» WHAT YOU WILL DO
Starting at the top of the entries below, print each line exactly until the line with "Bernumode | Reima: Демисезонный" has been printed too.

⁂

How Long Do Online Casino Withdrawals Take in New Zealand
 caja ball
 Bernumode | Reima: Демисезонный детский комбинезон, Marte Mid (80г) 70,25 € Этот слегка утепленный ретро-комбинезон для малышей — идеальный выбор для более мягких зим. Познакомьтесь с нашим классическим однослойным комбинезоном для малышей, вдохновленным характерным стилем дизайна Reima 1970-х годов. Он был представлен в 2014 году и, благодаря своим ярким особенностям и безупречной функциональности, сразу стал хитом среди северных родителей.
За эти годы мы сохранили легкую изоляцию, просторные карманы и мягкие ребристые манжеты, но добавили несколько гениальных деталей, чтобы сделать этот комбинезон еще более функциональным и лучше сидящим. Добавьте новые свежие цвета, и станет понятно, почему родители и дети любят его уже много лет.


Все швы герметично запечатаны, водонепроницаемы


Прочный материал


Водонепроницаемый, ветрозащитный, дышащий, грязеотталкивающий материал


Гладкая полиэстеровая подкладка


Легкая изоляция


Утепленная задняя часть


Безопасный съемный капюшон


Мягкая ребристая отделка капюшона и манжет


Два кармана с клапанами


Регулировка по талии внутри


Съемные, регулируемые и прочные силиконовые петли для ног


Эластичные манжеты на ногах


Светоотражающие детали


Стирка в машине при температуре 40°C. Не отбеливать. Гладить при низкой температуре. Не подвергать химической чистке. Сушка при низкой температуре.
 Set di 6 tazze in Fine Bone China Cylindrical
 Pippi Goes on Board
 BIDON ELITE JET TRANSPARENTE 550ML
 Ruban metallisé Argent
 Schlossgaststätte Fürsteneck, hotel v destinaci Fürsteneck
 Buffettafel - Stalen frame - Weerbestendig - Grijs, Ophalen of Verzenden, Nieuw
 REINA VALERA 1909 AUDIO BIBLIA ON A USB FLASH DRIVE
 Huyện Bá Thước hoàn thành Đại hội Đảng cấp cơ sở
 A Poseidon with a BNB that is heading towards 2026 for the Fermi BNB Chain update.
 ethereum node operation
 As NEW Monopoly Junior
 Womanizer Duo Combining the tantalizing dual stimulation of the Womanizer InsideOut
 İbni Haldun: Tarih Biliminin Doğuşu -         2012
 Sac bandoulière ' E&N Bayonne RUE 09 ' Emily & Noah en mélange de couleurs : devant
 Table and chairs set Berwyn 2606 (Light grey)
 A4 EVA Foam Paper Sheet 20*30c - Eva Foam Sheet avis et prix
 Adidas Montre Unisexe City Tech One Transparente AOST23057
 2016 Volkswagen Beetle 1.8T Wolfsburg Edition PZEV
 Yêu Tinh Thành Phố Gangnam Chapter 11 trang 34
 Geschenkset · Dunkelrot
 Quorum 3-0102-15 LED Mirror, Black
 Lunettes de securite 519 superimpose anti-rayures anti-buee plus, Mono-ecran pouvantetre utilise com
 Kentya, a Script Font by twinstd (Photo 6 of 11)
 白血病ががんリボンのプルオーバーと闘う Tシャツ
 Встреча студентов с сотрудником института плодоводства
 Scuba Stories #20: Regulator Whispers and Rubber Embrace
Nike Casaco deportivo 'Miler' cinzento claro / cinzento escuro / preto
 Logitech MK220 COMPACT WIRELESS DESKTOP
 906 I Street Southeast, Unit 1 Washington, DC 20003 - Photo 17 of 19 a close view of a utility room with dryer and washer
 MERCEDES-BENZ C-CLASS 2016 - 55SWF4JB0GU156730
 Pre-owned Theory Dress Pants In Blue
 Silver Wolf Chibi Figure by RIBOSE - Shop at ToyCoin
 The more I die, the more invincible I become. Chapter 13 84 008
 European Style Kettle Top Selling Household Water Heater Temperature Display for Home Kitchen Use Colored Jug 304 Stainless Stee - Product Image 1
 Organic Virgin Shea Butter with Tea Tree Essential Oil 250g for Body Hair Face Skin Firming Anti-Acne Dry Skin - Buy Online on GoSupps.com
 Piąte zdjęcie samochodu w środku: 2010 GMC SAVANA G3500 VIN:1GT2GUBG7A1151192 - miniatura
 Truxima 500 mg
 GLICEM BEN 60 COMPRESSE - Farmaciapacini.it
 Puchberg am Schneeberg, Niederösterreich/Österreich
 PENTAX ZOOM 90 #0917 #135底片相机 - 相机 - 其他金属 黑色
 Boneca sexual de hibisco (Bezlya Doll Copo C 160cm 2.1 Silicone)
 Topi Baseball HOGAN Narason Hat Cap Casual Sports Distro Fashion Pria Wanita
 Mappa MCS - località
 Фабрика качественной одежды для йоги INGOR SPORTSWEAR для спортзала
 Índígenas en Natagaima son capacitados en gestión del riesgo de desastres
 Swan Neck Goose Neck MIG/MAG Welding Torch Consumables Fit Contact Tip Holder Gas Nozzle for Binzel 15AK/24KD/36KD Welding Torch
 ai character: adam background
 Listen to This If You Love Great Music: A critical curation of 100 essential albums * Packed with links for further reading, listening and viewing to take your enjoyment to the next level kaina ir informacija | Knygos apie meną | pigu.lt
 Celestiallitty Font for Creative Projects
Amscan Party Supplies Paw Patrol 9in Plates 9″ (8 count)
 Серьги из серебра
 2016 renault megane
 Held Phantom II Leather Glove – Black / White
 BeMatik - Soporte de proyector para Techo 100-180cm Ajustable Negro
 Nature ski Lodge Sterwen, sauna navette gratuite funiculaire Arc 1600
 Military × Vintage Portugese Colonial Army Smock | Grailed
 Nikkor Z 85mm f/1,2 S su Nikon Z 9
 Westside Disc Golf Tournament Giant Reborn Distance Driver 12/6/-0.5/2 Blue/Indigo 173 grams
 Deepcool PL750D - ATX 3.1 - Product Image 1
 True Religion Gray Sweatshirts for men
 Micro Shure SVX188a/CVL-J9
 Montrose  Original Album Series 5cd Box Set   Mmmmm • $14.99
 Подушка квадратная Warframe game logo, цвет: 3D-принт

⁂

» ANSWER BOX
How Long Do Online Casino Withdrawals Take in New Zealand
 caja ball
 Bernumode | Reima: Демисезонный детский комбинезон, Marte Mid (80г) 70,25 € Этот слегка утепленный ретро-комбинезон для малышей — идеальный выбор для более мягких зим. Познакомьтесь с нашим классическим однослойным комбинезоном для малышей, вдохновленным характерным стилем дизайна Reima 1970-х годов. Он был представлен в 2014 году и, благодаря своим ярким особенностям и безупречной функциональности, сразу стал хитом среди северных родителей.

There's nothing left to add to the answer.